This is the way the world ends: not with a bang but a bronchial spasm. That is, at least, according to William Delisle Hay’s 1880 novella, The Doom of the Great City. It imagines the entire population of London choked to death under a soot-filled fog. The story is told by the event’s lone survivor sixty years later as he recalls “the greatest calamity that perhaps this earth has ever witnessed” at what was, for Hay’s first readers, the distant future date of 1942.

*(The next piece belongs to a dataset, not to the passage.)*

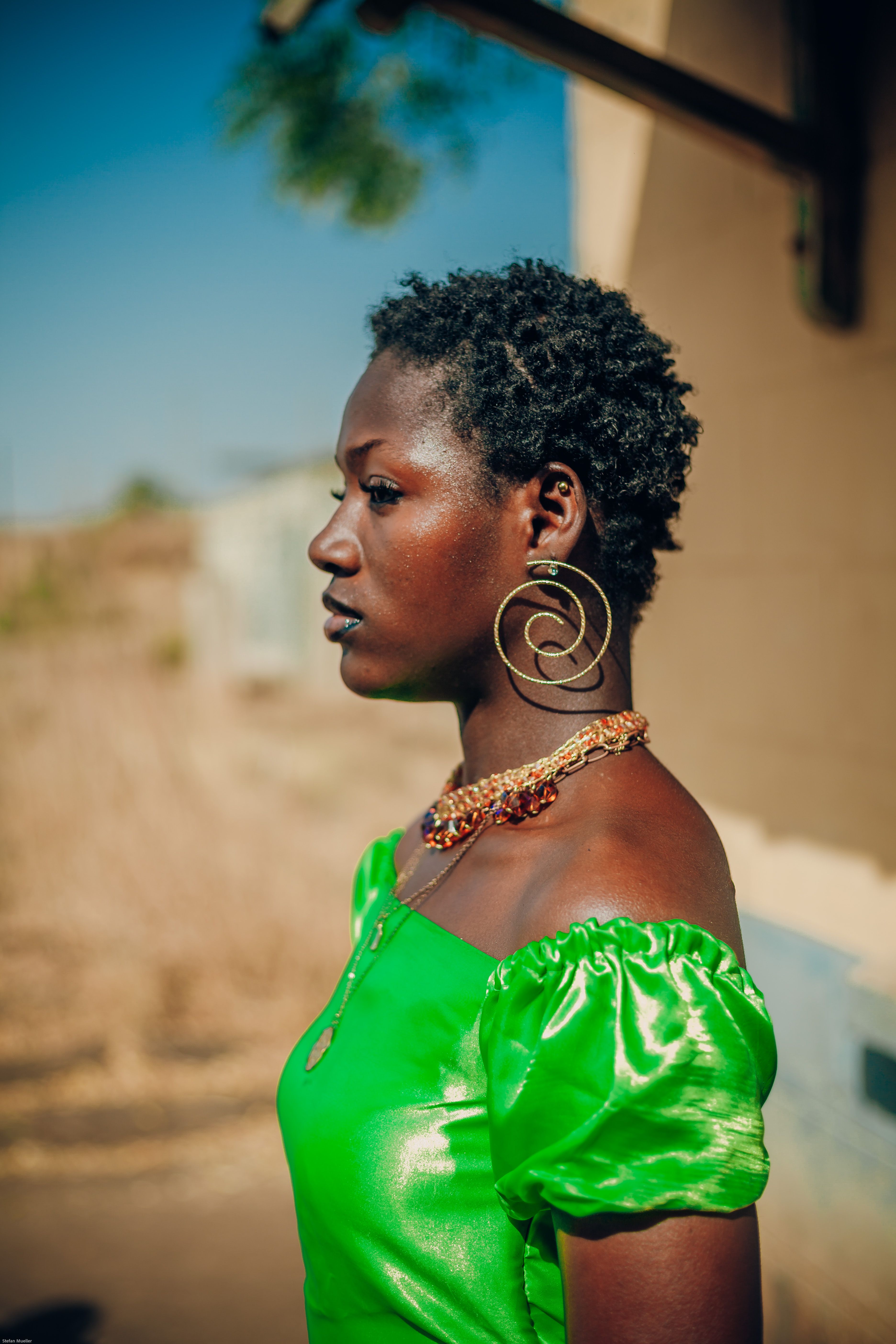 Profile Portrait of Woman in Green Dress Outdoors · Free Stock Photo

The novella received only mild acclaim among its late Victorian readers, and today it is almost forgotten. But, surprisingly enough, it has become possible to read our social and environmental problems foretold in Hay’s strange little story. In our age of global warming, acid rain, and atmospheric pollution, we may become the first readers to take Hay seriously. When Hay imagines a city whose wealth and “false social system” lulls it into complacency, we can recognize ourselves in his words. And as for those air problems that loomed dangerously around them, Londoners “looked upon them in the light of a regular institution, not caring to investigate their cause with a view to some means of mitigating them”. At moments like these, we get the feeling that Hay’s obscure 135-year-old story is eerily prophetic.
But before we canonize Hay as an environmentalist and his story as An Inconvenient Truth in Victorian garb, we have to look at the story’s other features. Readers of The Doom of the Great City unfailingly notice that the story does not fit easily with other science fiction narratives, but seems to belong also to another class of tales, which Brian Stableford has called “ringing accounts of richly deserved punishment”. This is because Hay’s narrator seems to slide back and forth between material and moral explanations for pollution. While he talks of how “In those latter days there had been past years of terribly bad weather, destroying harvests”, he adds in the same paragraph, “prostitution flourished rampantly, while Chastity laid down her head and died! Evil! — one seemed to see it everywhere!”